Some specific tips that many people have found helpful (and none of which require any medicine or special equipment are as follows:
1. Going for a walk.
That’s right. As simple as it sounds, pulling yourself up, getting dressed, putting shoes on and walking out your door for a short walk can provide some degree of nearly immediate relief. This everyday activity often gets muted into lethargy by sad/bad feelings. Push through it and force yourself (even though you will probably not really feel like doing it) to take a 10-15 minute walk.
If you are a bike ride, that will work just as well.
2. Doing something to help someone else.
Depression quickly breeds rumination – a propensity to focus on ourselves and our own unhappiness. Again, deliberate effort will be required but it will be worth it! Think of someone you know who is lonely or ill and give them a call or go visit. Not to unload your own troubles, but to listen to THEIRS and to see if there is anything you can do to help out. (Buy them some groceries, pick up a prescription, rent a DVD for them, etc.)
This activity literally ‘tricks’ the depression by you willing yourself to not focus on it – a strategy that allows it to grow even stronger and more disabling. Taking your mind off of yourself for a while can help considerably – as well as being a benefit to someone else.
3. Take yourself to a movie.
No, not a sad one! Like both of the earlier tips, this will distract you to some degree for a while and will relieve some of the pressure that tends to build up by virtue of the incessant nature of depressed feelings. They try to lock out everything else. A film can be truly healthy at times. Unlike watching something on TV, this activity involves leaving your own home as well. The combination of going out and doing something slams the depression with both barrels!
4. Treat yourself to something special.
This may sound impossible when you feel really bad, but, again – forcing yourself to do it will help you feel better quicker. Some examples might be (if you can afford them) getting a massage, going to a sports event or taking a bus ride somewhere that you have not been before.) Where there is no money to do those things, similar effects can be realized by getting an ice cream cone – or anything else that you regard (or even that you used to regard) as a treat.
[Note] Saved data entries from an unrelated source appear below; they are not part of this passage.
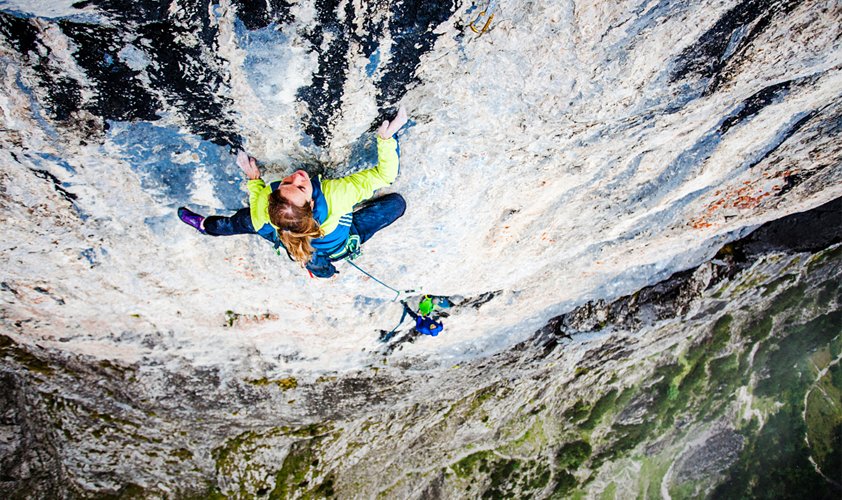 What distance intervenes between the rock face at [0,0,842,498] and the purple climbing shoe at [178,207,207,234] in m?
0.13

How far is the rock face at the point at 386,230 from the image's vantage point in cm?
336

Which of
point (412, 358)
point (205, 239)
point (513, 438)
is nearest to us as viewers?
point (205, 239)

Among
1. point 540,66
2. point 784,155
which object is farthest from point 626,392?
point 540,66

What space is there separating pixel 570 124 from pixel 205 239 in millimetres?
4540

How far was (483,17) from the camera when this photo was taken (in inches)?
128

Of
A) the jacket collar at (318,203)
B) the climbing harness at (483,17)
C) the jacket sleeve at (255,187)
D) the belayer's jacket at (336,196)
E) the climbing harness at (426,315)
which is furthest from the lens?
the climbing harness at (426,315)

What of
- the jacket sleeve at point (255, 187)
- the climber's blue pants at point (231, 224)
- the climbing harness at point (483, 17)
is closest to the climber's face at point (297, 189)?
the jacket sleeve at point (255, 187)

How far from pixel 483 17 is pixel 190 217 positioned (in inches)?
145

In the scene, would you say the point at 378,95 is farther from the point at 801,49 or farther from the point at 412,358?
the point at 412,358

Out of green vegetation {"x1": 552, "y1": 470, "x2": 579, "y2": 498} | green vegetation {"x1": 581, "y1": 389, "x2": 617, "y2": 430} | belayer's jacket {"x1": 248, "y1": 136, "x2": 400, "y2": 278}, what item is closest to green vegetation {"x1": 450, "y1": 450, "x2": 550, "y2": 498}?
green vegetation {"x1": 552, "y1": 470, "x2": 579, "y2": 498}

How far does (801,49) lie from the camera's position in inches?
148

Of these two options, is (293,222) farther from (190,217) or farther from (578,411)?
(578,411)

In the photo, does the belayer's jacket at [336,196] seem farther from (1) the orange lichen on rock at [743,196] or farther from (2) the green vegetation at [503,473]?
(2) the green vegetation at [503,473]

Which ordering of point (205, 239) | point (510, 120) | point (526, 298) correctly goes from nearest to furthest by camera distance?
point (510, 120) → point (205, 239) → point (526, 298) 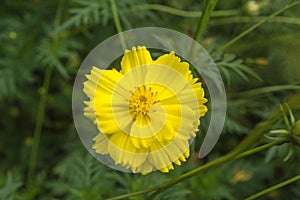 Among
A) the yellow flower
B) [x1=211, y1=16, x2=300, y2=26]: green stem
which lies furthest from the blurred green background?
the yellow flower

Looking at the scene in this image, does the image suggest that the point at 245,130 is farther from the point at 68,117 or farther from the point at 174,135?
the point at 174,135

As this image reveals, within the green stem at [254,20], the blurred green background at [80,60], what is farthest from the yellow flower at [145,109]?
the green stem at [254,20]

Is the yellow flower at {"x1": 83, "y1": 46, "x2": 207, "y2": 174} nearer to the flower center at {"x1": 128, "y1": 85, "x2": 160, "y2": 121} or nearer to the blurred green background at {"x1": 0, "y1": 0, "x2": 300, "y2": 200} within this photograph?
the flower center at {"x1": 128, "y1": 85, "x2": 160, "y2": 121}

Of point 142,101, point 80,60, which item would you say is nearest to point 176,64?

The depression works to try to make you feel undeserving. Slap it down by proving it wrong.
Keep in mind that the lethargy and resistance to following these tips you may feel are likely functions of the depression or unhappiness. View it as in invader that you must rise up to quell. These seemingly simple activities may help a lot more than you ever would have imagined.
A Final Note:
None of the above is meant to suggest that medications and other professional interventions cannot be helpful and may sometimes be both indicated and necessary. But, even in those most severe situations, the activity level of the individual is a healing variable that always matters and makes a big contribution too the maintenance and restoration of a better, less depressed mood.